§ EXERCISE INPUT:
--- --- ---

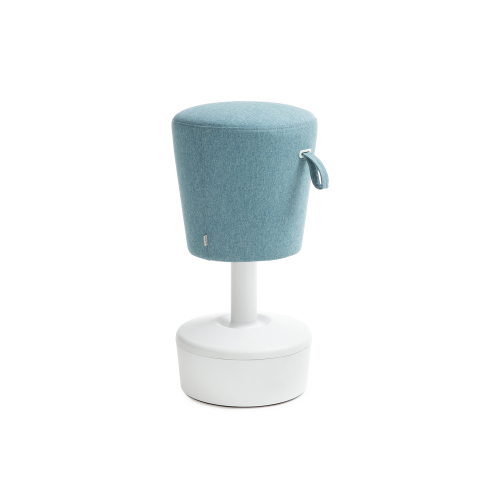 Hocker Mia mit innovativem Fußkreuz und 3D-Sitzmechanik B/H/T: 36x57-90x36 cm, Platingrau, Stoffgruppe C2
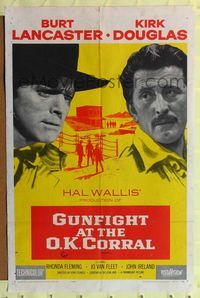 7e316 GUNFIGHT AT THE O.K. CORRAL 1sh '57 Burt Lancaster, Kirk Douglas, directed by John Sturges!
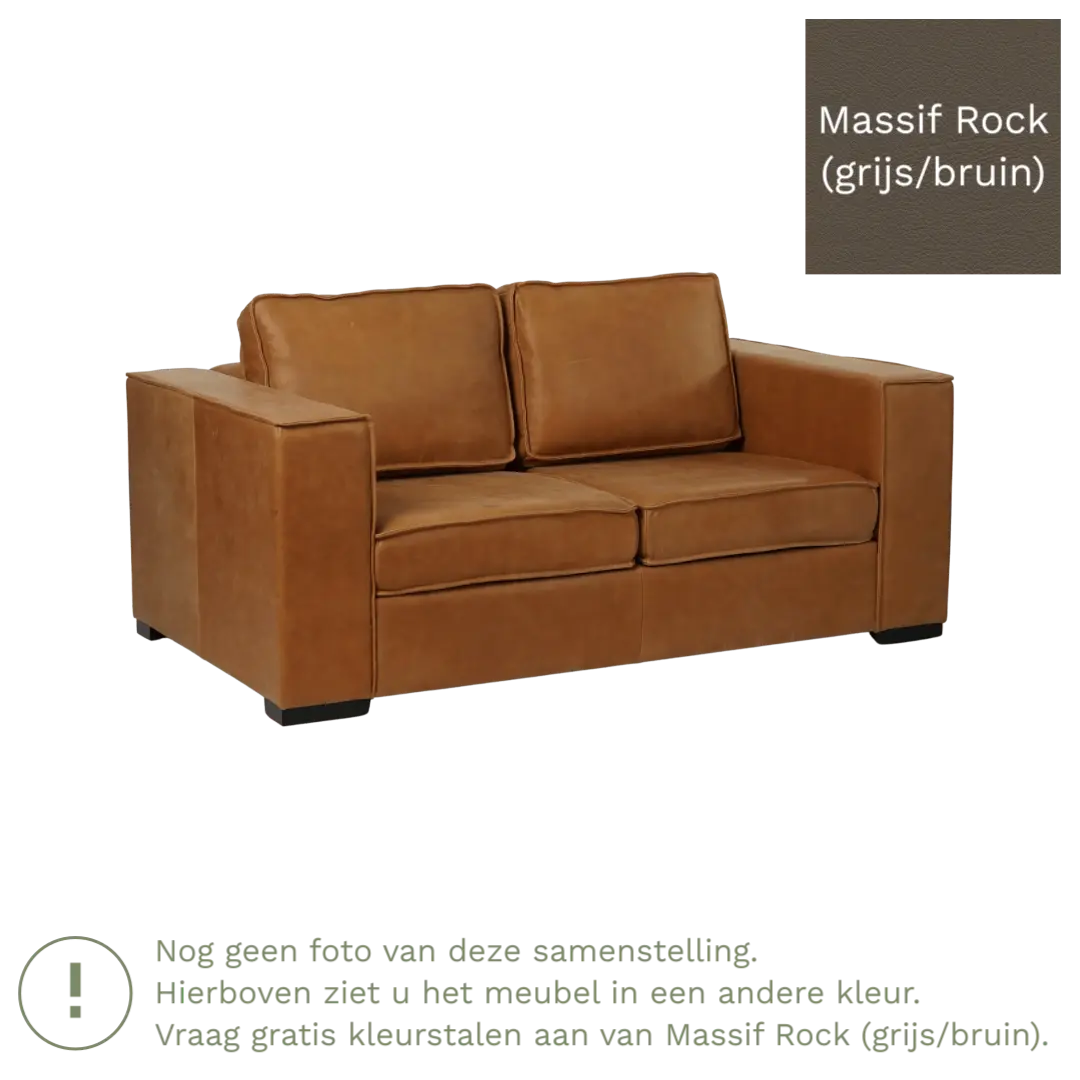 afbeelding van Leren bank Fine - 2 zits - Massif Rock (grijs/bruin) - Poten hout bruin
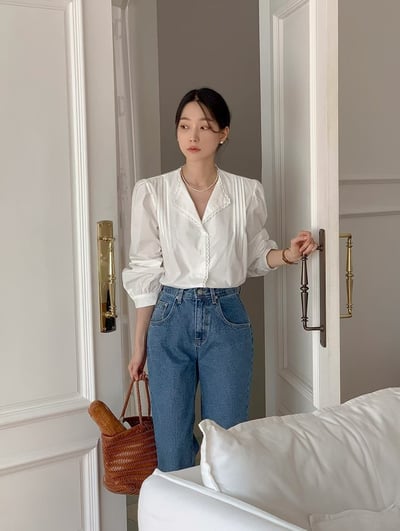 法式蕾絲滾邊翻領壓折襯衫7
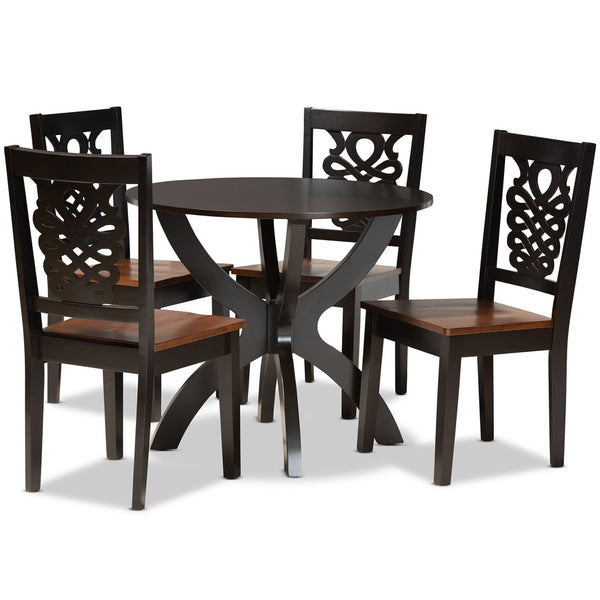 Baxton Studio Baxton Studio Wanda 5-Piece Dining Set - Modern Two-Tone Wood Table & Chairs for Cozy Spaces Wanda-Dark Brown/Walnut-5PC Dining Set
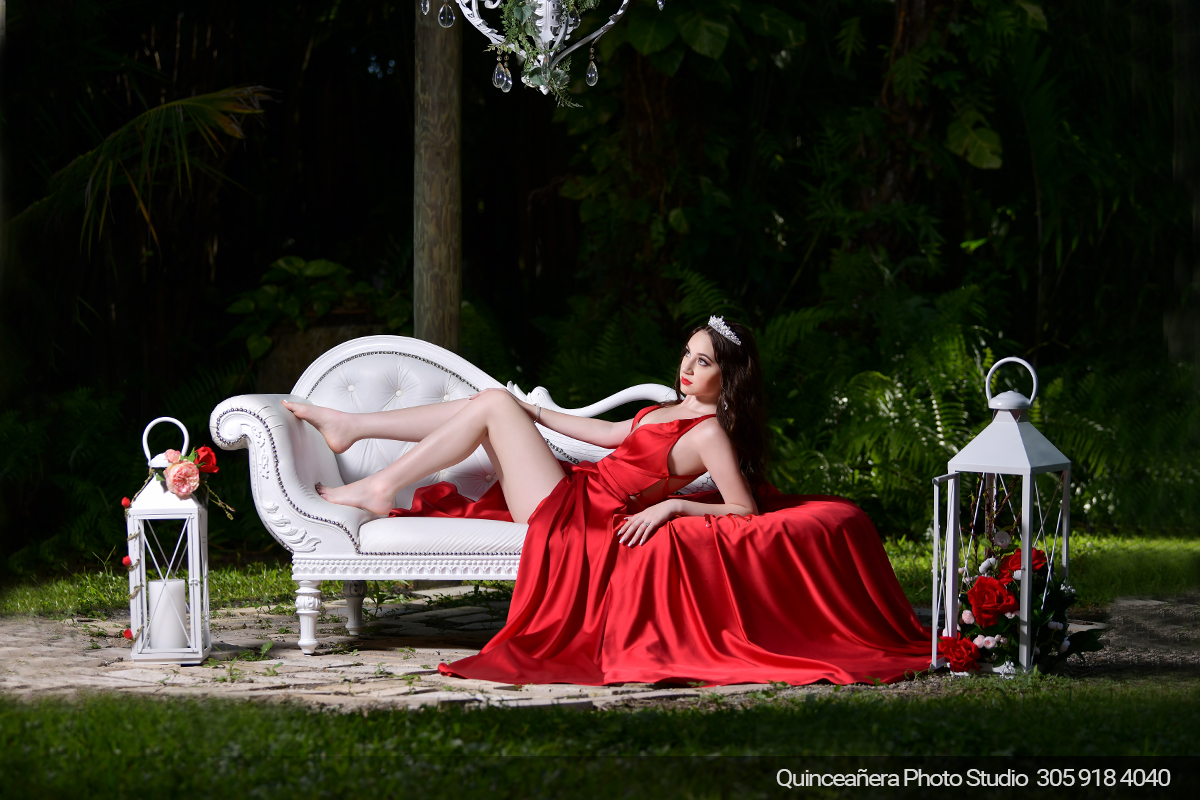 Spectacular photo of a quinceañera on a sofa, Photo by Quinceañera Photo Studio (305) 918-4040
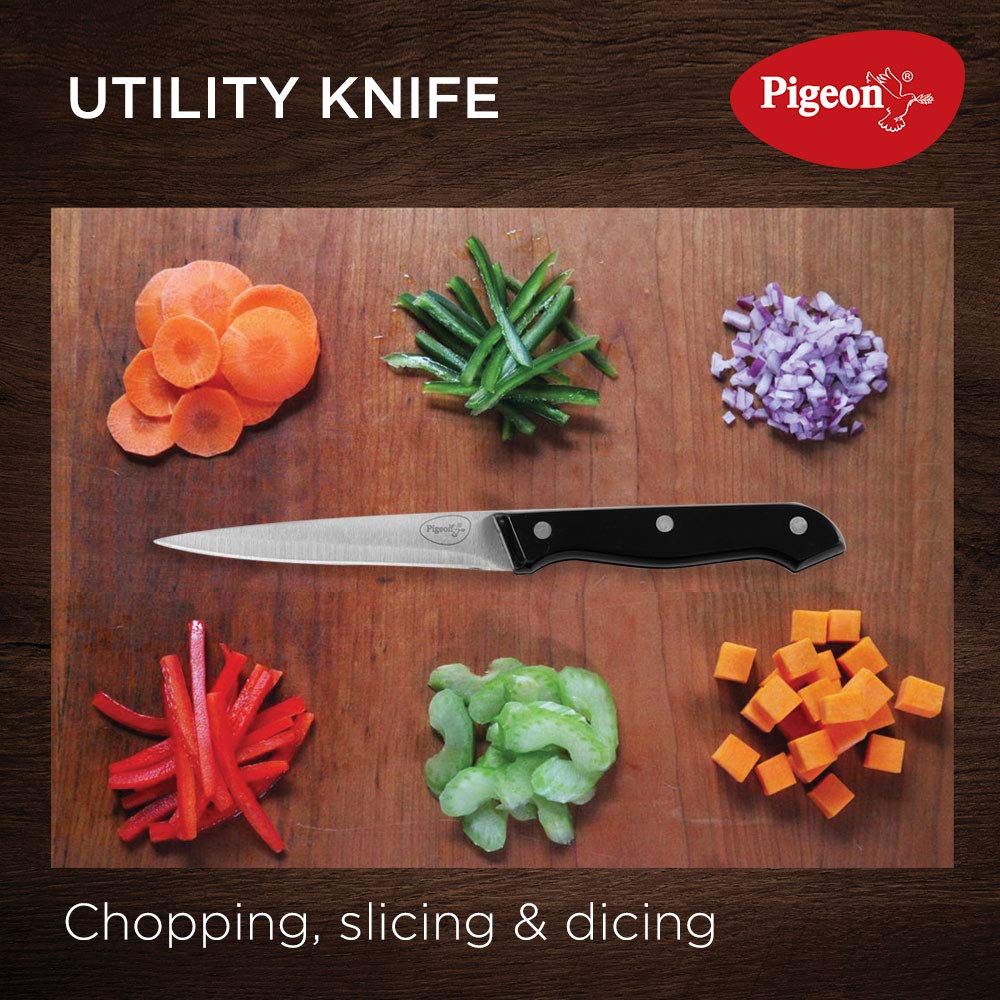 Pigeon by Stove Kraft Shears Kitchen Knifes 6 Piece Set with Wooden Block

--- --- ---

§ EXERCISE GOAL:
Do not include the images; transcribe the rest of the listing exactly.

§ TASK RESULT:
 Hocker Mia mit innovativem Fußkreuz und 3D-Sitzmechanik B/H/T: 36x57-90x36 cm, Platingrau, Stoffgruppe C2
 7e316 GUNFIGHT AT THE O.K. CORRAL 1sh '57 Burt Lancaster, Kirk Douglas, directed by John Sturges!
 afbeelding van Leren bank Fine - 2 zits - Massif Rock (grijs/bruin) - Poten hout bruin
 法式蕾絲滾邊翻領壓折襯衫7
 Baxton Studio Baxton Studio Wanda 5-Piece Dining Set - Modern Two-Tone Wood Table & Chairs for Cozy Spaces Wanda-Dark Brown/Walnut-5PC Dining Set
 Spectacular photo of a quinceañera on a sofa, Photo by Quinceañera Photo Studio (305) 918-4040
 Pigeon by Stove Kraft Shears Kitchen Knifes 6 Piece Set with Wooden Block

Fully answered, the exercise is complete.